Thandi's savings can be calculated using the future value of an annuity formula:

$F = P \frac{(1 + i)^n - 1}{i}$

Where:

• F = future value (R80 000)
• P = monthly deposit
• i = interest rate per month (8.6% p.a. = 0.0086/12)
• n = number of deposits (36)

Rearranging the formula to find P:

$P = \frac{F \cdot i}{(1 + i)^n - 1}$

Substituting:

• i = 0.0086 / 12
• n = 36
• F = 80000

Calculating gives Thandi's required monthly deposit of approximately R1 955,78.

Using the same formula:

$F = P \frac{(1 + i)^n - 1}{i}$

For Eric:

• F = total savings required
• P = R402.31
• i = 0.0086/12
• n = 48

Calculating:

Eric's total savings from deposits will be approximately R67 310,88. The difference in total savings between both Eric and Thandi is 70 408,08 - 67 310,88 = R3 097,20.

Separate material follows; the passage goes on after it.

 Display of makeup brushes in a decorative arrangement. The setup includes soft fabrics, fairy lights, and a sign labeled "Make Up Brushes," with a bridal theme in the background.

For Lesibana's loan, we can use the formula for the present value of an annuity:

$PV = P \frac{1 - (1 + i)^{-n}}{i}$

Where:

• PV = R225 000
• P = monthly payment (R5 500)
• i = 0.09/12

Rearranging to solve for n:

$n = -\frac{\log\left(\frac{PV \cdot i}{P} + 1\right)}{\log(1 + i)}$

Substituting the appropriate values gives n approximately equal to 51 payments.